Today, with the Fed at 3.75% and the SNB at 0.0%, hedging costs are real and substantial. The free lunch is gone. Every Swiss investor holding a hedged MSCI World ETF is now paying roughly 3%+ per year for the privilege — and that only makes sense if you believe the CHF will continue to strengthen by at least that amount.
Over 55 years of data, it has. But past performance, as they say, is no guarantee for future performance.
One more thing many investors miss: if you invest through Pillar 3a — Säule 3a — the BVV2 regulation limits your foreign currency exposure to a maximum of 30% without hedging. There are some loopholes but for many Swiss investors, the question is partially answered by law.
You must hedge a significant portion.
Full stop.
Chart 5: MSCI World CHF vs. CHF Hedged — Out of GFC (2009–2025): Nearly Identical — But Hedging Is No Longer Free

Over the long term, hedging in Switzerland delivers slightly better risk-adjusted returns, significantly lower drawdowns in CHF shock moments, and more continuous compounding.
But none of these properties is free.
This isn't a return optimization decision. It's a risk management decision.
And the right answer depends on your specific situation — your age, your investment horizon, your emotional tolerance for drawdowns, and your planned CHF expenses.
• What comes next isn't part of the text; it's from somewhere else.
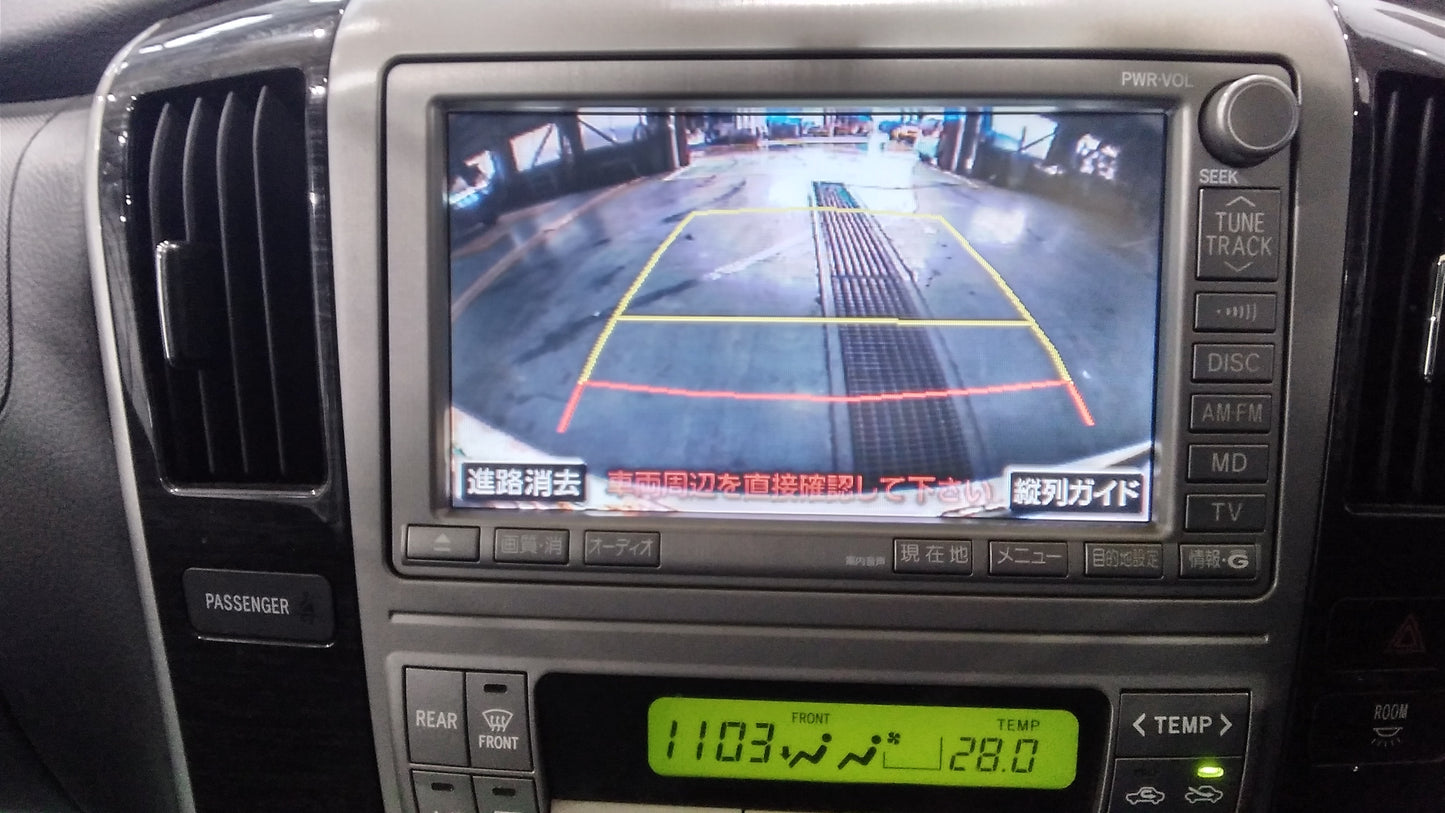 735 Toyota Alphard 2.5AS 2005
If you're young, have decades ahead, and can stomach a 50% drop without panic-selling — unhedged gives you full exposure to global growth, including currency appreciation in recovery phases.
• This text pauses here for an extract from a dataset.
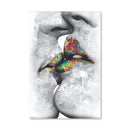 Graffiti Kiss Canvas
If you're closer to retirement, value sleep over maximum return, or invest through Pillar 3a with its regulatory constraints — hedging makes more sense than most people think.
We wrote the full 25-year data analysis with all charts, tables, scenarios and a decision matrix on our blog.
Now you have the data, the math, and the Swiss reality to make the decision informed.
Hamlet's dilemma was whether to endure the slings and arrows of outrageous fortune — or to take arms against them. The hedging question is the same: do you accept the currency risk and hope it washes out, or do you pay the price to eliminate it?
Shakespeare never gave Hamlet an easy answer. Neither do we.
But at least now you know the cost of both.